Еще явственнее мотивы жестокости и беззащитности в стихотворении «Таракан». Ему предпослан эпиграф: «Таракан попался в стакан (Достоевский)». Привожу эпиграф в том виде, в каком он дан в публикации «Таракана» сыном поэта А. Н. Олейниковым («День поэзии», Л., 1966). Но и при чтении «Таракан попал в стакан» оказывается, что такой строки у Достоевского нет.
У Достоевского:
Жил на свете таракан,
Таракан от детства,
И потом попал в стакан,
Полный мухоедства...
Олейникову не нужна была точность цитаты; ему нужно было установить связь между гротескным обличьем своей поэзии и гротеском Достоевского. Хотя он, конечно, не думал, что пишет «как капитан Лебядкин, который, впрочем, писал превосходные стихи» (так отозвалась о стихах Олейникова Ахматова). В «Таракане» опять двоящийся животно-человеческий образ, с помощью которого Олейников рассказывает о насилии над беззащитным. Рассказывает гротескным языком, потому что не умеет, не хочет пользоваться традиционными наречиями поэзии, по его убеждению, уже потерявшими способность означать.
Коллизия жестокости и беспомощности заострена все больше нагнетаемой гиперболичностью — на маленького таракана направлены огромные, многообразные орудия пытки и убийства.
К таракану подходит палач —
И проткнувши, набок валит Таракана, как свинью.

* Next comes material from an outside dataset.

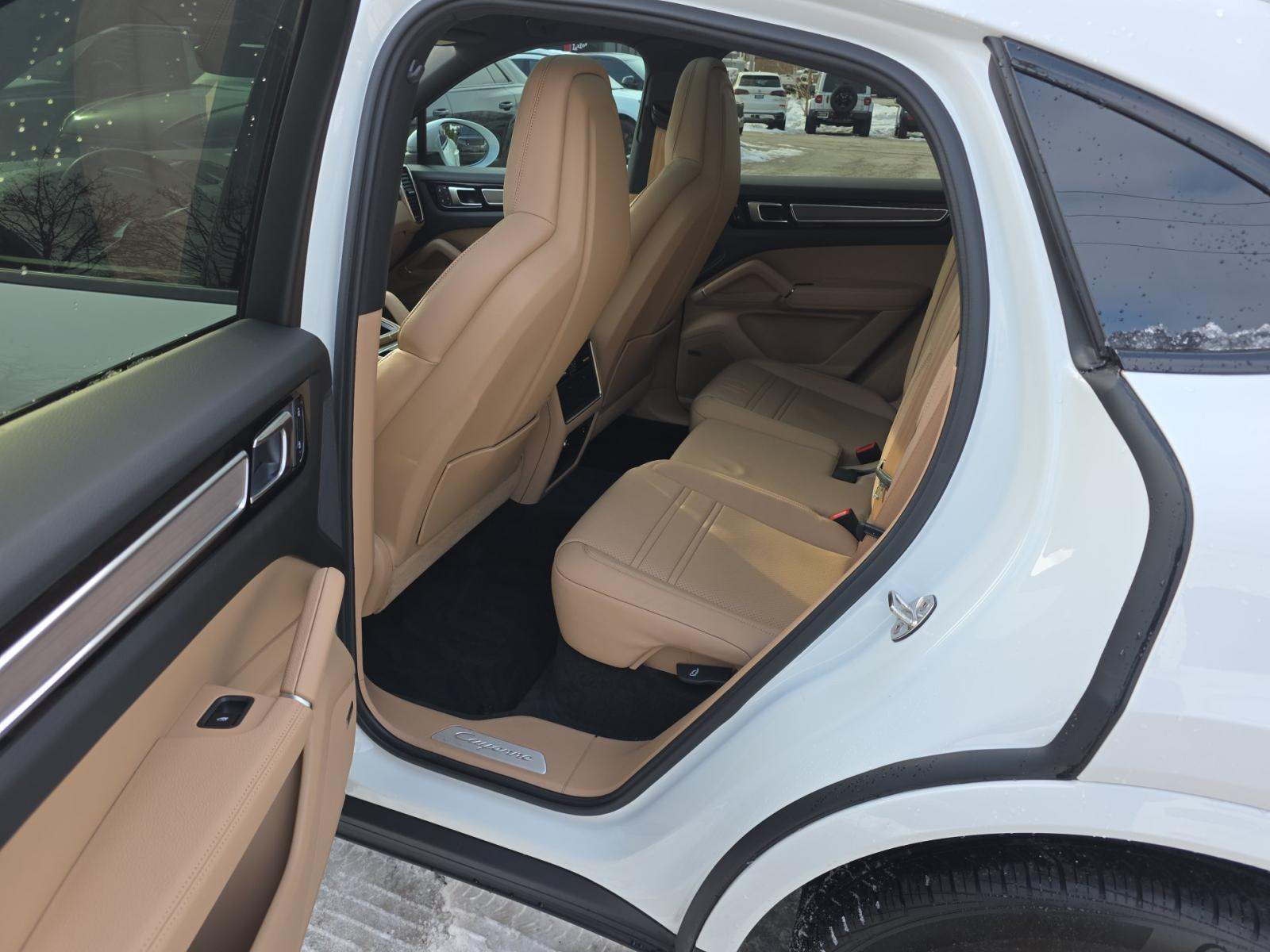 2023 Porsche Cayenne Platinum Edition AWD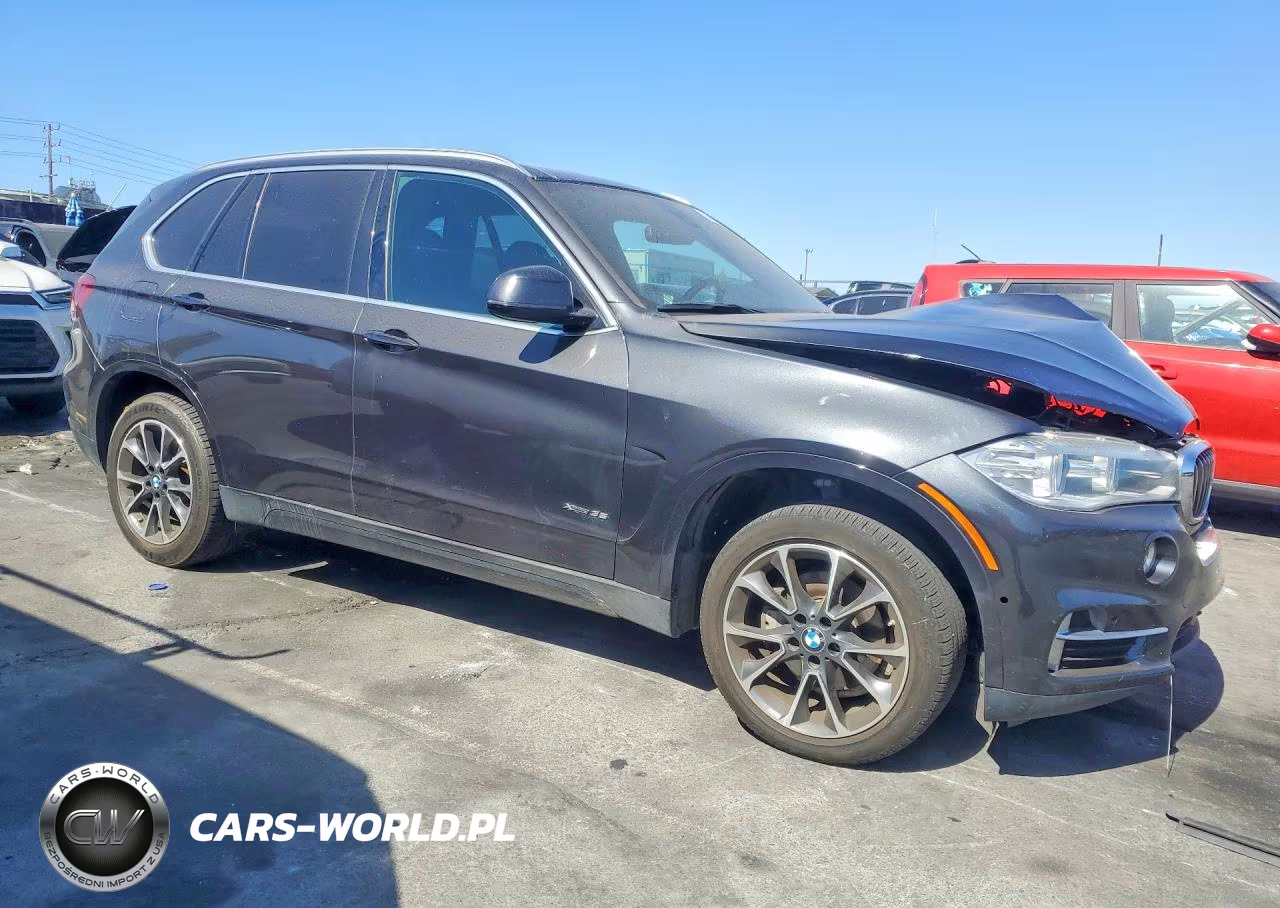 2017 BMW X5 xDrive35I VIN:5UXKR0C38H0V72075 - 4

Громко ржет и зубы скалит. Уподобленный коню.
«Таракан» Олейникова вызывает неожиданную ассоциацию с рассказом Кафки «Превращение». Это повествование о мучениях и смерти человека, превратившегося вдруг в огромное насекомое (некоторые интерпретаторы считают, что это именно таракан). Совпадают даже некоторые сюжетные детали. У Кафки труп умершего героя служанка выбрасывает на свалку, у Олейникова —
Сторож грубою рукою
Из окна его швырнет...
Скорее всего это непроизвольное сближение двух замыслов, потому что в те времена Кафка не был еще у нас популярен, и Олейников едва ли его читал. Между тем историческое подобие между Олейниковым и старшим его современником, несомненно, существует.
Классическая трагедия и трагедия последующих веков предполагали трагическую вину героя или трагическую ответственность за свободно им выбираемую судьбу. XX век принес новую трактовку трагического, с особой последовательностью разработанную Кафкой. Это трагедия посредственного человека, бездумного, безвольного («Процесс», «Превращение»), которого тащит и перемалывает жестокая сила.
Это коллизия и животно-человеческих персонажей Олейникова: блохи Петровой, карася, таракана, теленка, который плачет «под кинжалом мясника». Сквозь искривленные маски, буффонаду, галантерейный язык с его духовным убожеством пробивалось очищенное от «тары» слово о любви и смерти, о жалости и жестокости.